Editorial du « Monde ». Macron n’est pas « foutu » parce que les vieux sont dans la rue ! Mais la mobilisation des retraités, jeudi 15 mars, constitue un sérieux avertissement. Dans la capitale comme dans de nombreuses villes, ils étaient, en effet, plusieurs dizaines de milliers, venus manifester pour défendre leur pouvoir d’achat.

Cette crispation était prévisible. Depuis le 1er janvier, une bonne moitié des retraités – ceux qui touchent plus de 1 289 euros net par mois – ont vu le taux de contribution sociale généralisée (CSG) ponctionnée sur leur pension passer 6,6 % à 8,3 %. Or, contrairement aux salariés du secteur privé et aux fonctionnaires, cette hausse de 1,7 point n’est pas – ou pas encore – compensée et se traduit donc par une perte équivalente de revenu.

La philosophie du chef de l’Etat est connue. Elle figurait en bonne place dans sa campagne présidentielle et il l’a répété et « assumé » à plusieurs reprises depuis. Le 15 mars encore, en déplacement en Touraine, Emmanuel Macron a réexpliqué que « ce sont les actifs qui paient » les pensions des retraités. La priorité est donc de « remettre la France dans le travail » et, au nom de la « solidarité générationnelle », de demander un effort aux seniors. D’autant qu’ils bénéficient, globalement, d’un niveau de vie légèrement supérieur à celui de l’ensemble de la population. En outre, plaide le gouvernement, si la hausse de la CSG touche effectivement, dans l’immédiat, près de 60 % des retraités, l’impact de la mesure s’atténuera progressivement grâce à la suppression de la taxe d’habitation pour 80 % d’entre eux.

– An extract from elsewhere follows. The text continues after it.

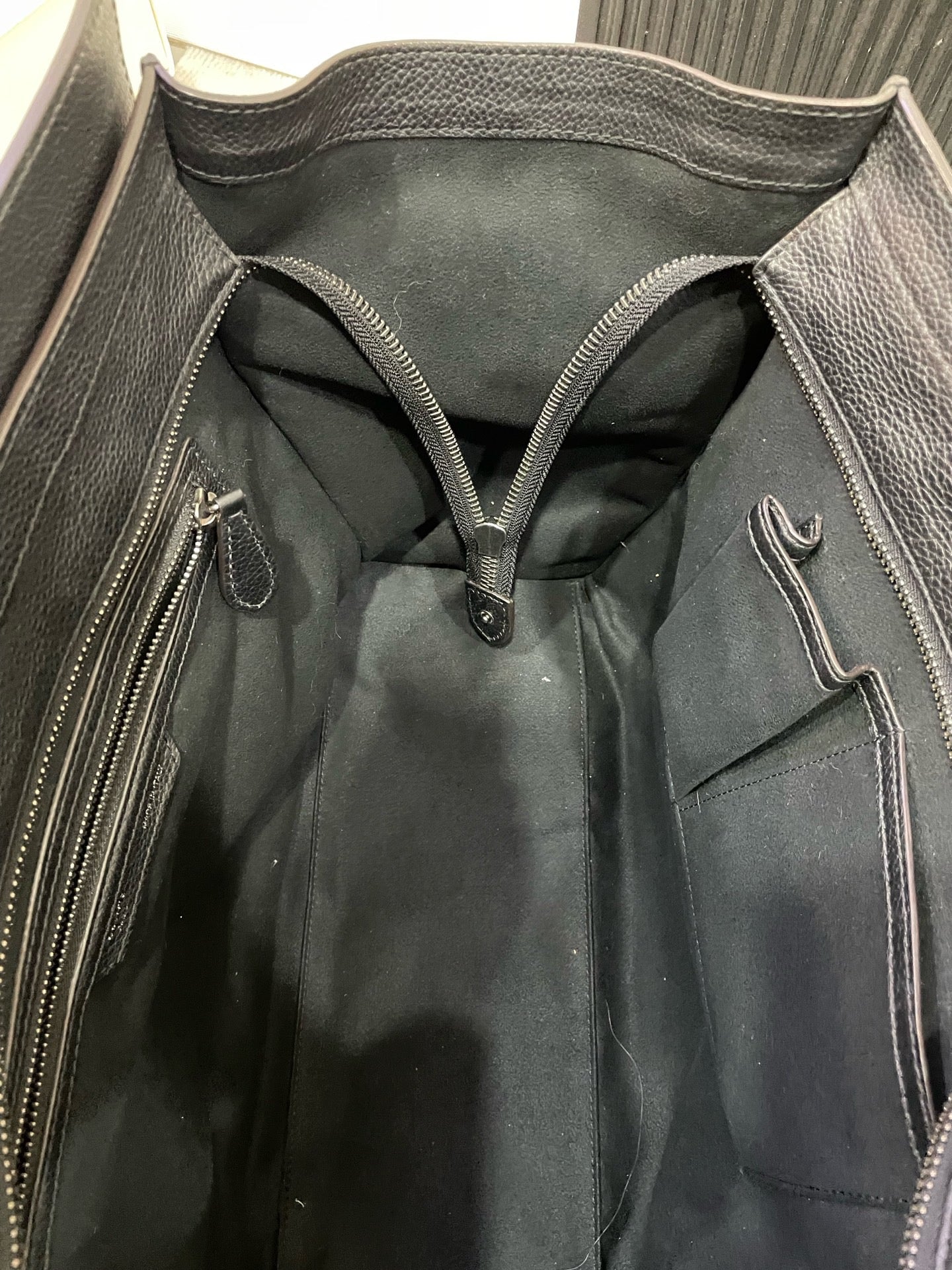 Celine - Luggage - Leather - Black - (large)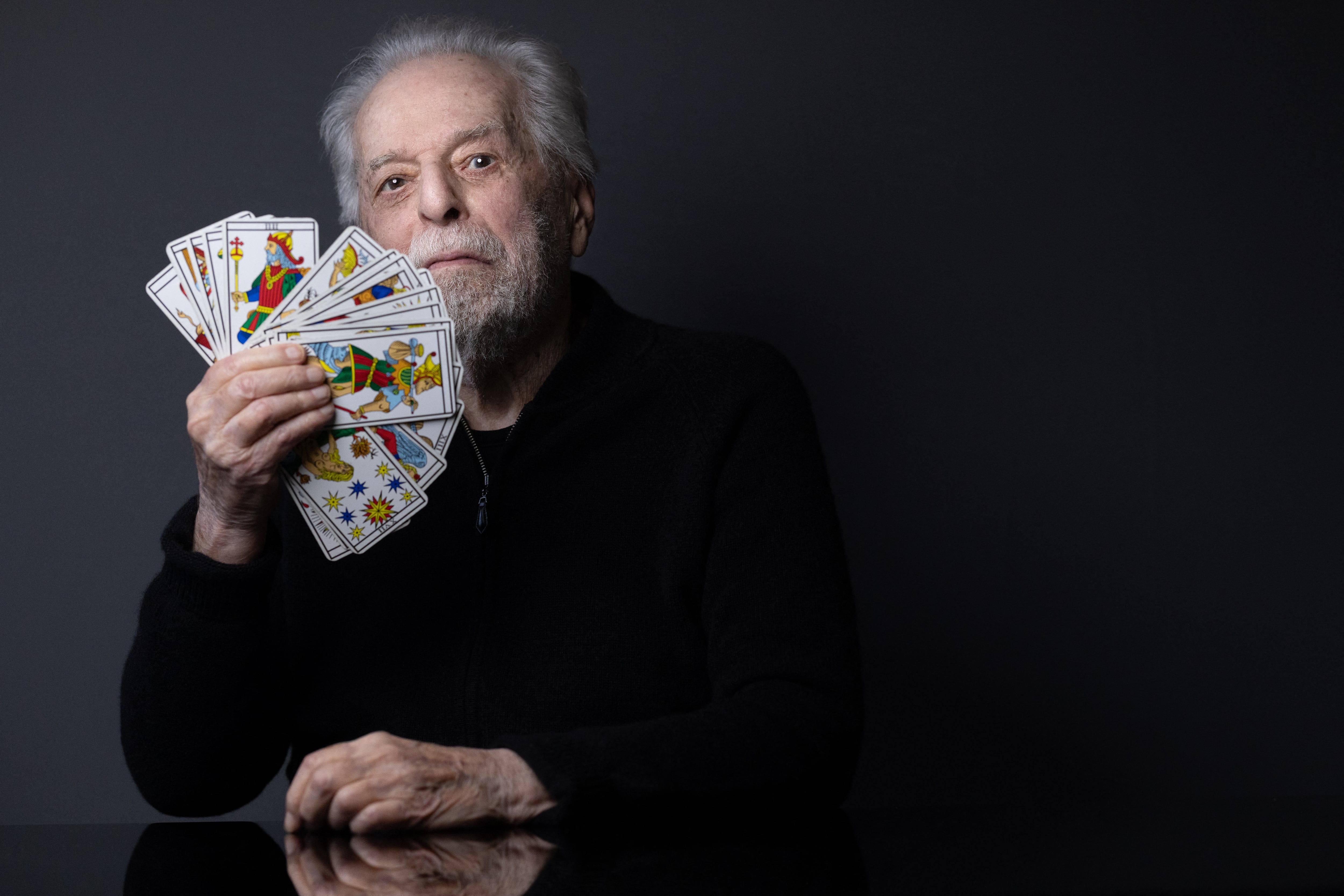 El cineasta, dramaturgo, actor, autor, músico y guionista chileno-francés Alejandro Jodorowsky posa durante una sesión fotográfica en su casa de París el 16 de febrero de 2026. Foto: Joel Saget / AFP.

Gros bataillons d’électeurs

Il n’empêche que le mécontentement est inévitable. D’abord à cause du calendrier des mesures : la CSG augmente dès à présent alors que la suppression de la taxe d’habitation sera étalée sur trois ans et ne produira ses premiers effets qu’à partir de l’automne. Ensuite, s’il est exact que le seuil de déclenchement de la hausse de la CSG correspond, à quelques euros près, au niveau moyen des retraites, il est difficile pour les intéressés d’admettre qu’ils font partie des retraités « aisés ». Enfin, cette mesure vient s’ajouter à plusieurs autres prises ces dernières années (suppression progressive de la demi-part des veuves, fiscalisation de la majoration de pension pour les parents ayant élevé trois enfants, contribution additionnelle de 0,3 % pour financer la prise en charge de la dépendance…).

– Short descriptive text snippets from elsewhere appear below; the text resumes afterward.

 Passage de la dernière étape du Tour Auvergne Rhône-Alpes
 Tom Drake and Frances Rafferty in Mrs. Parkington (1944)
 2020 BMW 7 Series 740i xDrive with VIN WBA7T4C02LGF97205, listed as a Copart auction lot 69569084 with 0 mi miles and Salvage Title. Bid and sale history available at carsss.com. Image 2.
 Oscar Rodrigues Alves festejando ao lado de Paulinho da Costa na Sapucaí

Pour le gouvernement et le président, le risque de cette grogne est tout sauf négligeable. Les 16 millions de retraités français constituent de gros bataillons d’électeurs (un tiers de l’électorat), et d’électeurs déterminants, moins abstentionnistes et moins volatils que les plus jeunes. Ils avaient largement contribué à la victoire de Nicolas Sarkozy en 2007, et leur désaffection relative lui avait été fatale en 2012. De même, en 2017, 76 % des plus de 65 ans ont voté pour Emmanuel Macron au second tour de la présidentielle, soit 10 points de plus que son score national.

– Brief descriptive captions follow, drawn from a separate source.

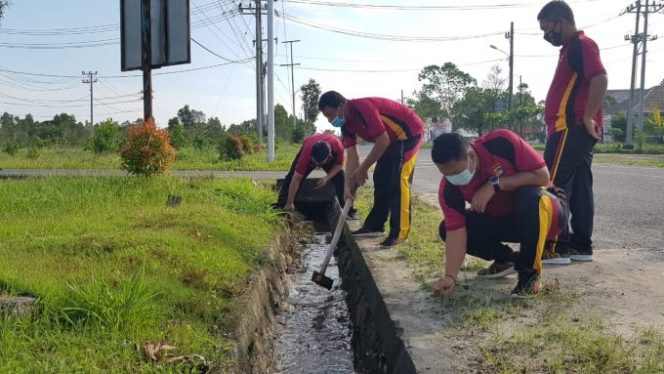 
					Polres Beltim Bersihkan Drainase di Seputaran Mako, Antisipasi Musim Penghujan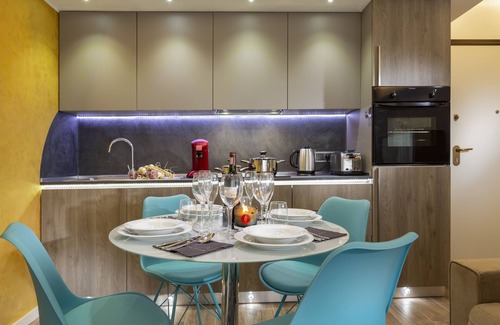 Gare Apartment | The Queen Luxury Apartments - Villa Carlotta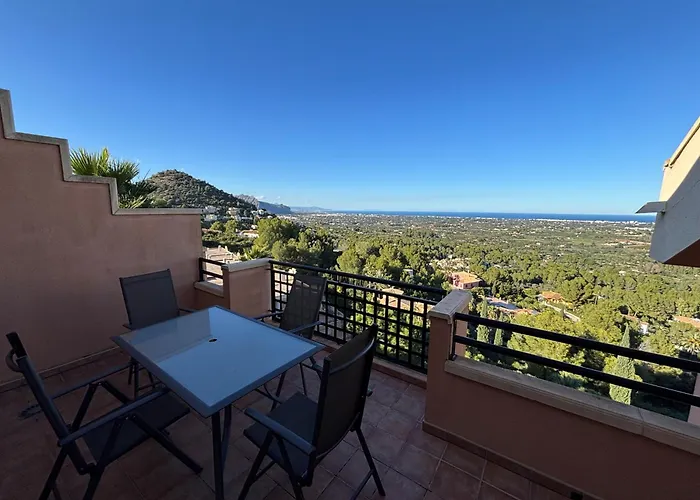 Appartement Jacaranda A *
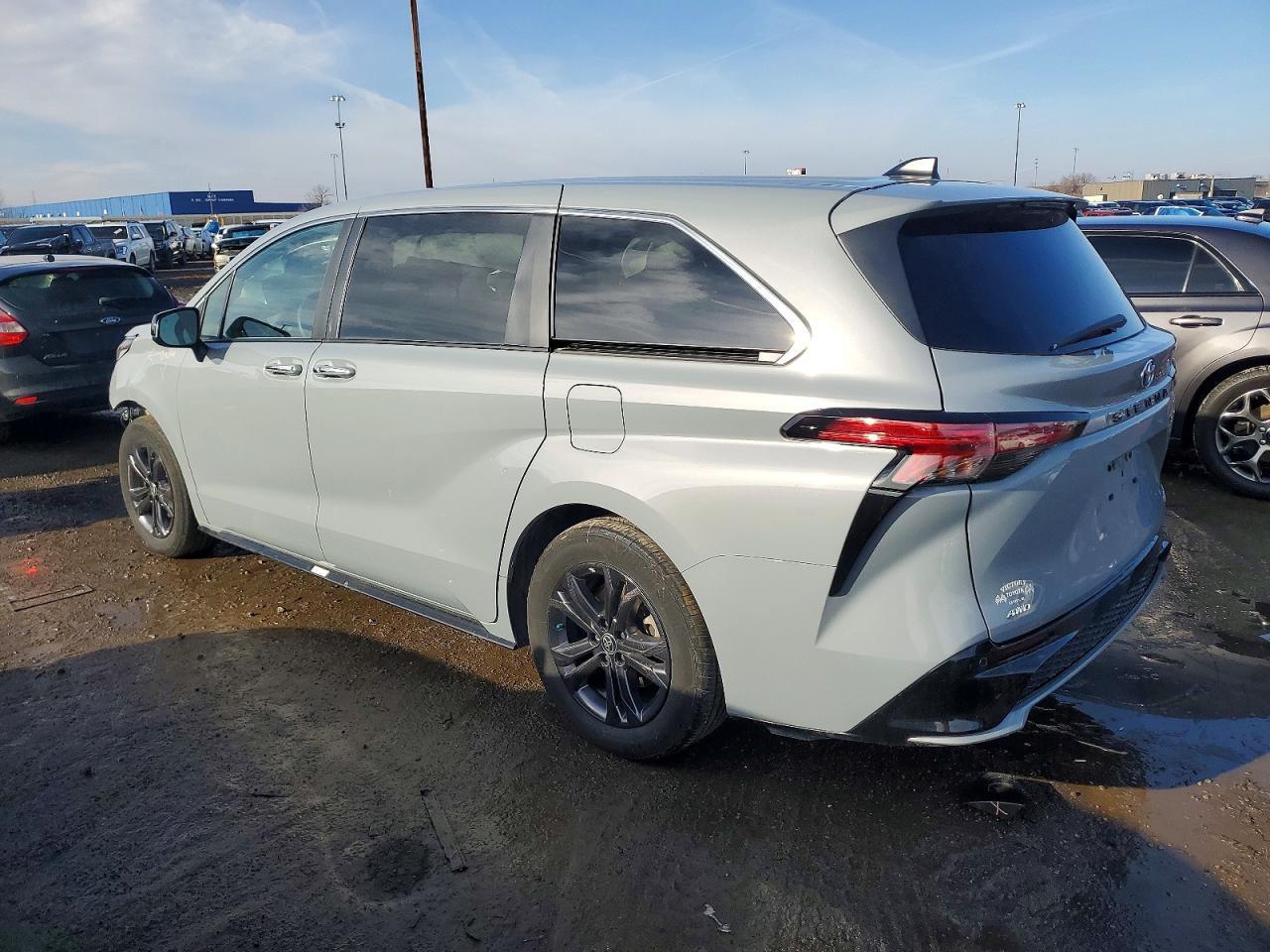 2024 Toyota Sienna Xse - Фото 2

Si les seniors continuent à soutenir plus fermement le chef de l’Etat que la moyenne des Français, leur grogne actuelle est très perceptible : depuis janvier, Emmanuel Macron a perdu, chez les plus de 65 ans, 9 points de confiance selon la Sofres et 6 points selon l’IFOP. Il n’y a pas encore péril en la demeure. Mais un sérieux effort de pédagogie va être nécessaire pour convaincre les retraités qu’ils ne sont pas les laissés-pour-compte du « nouveau monde » macronien.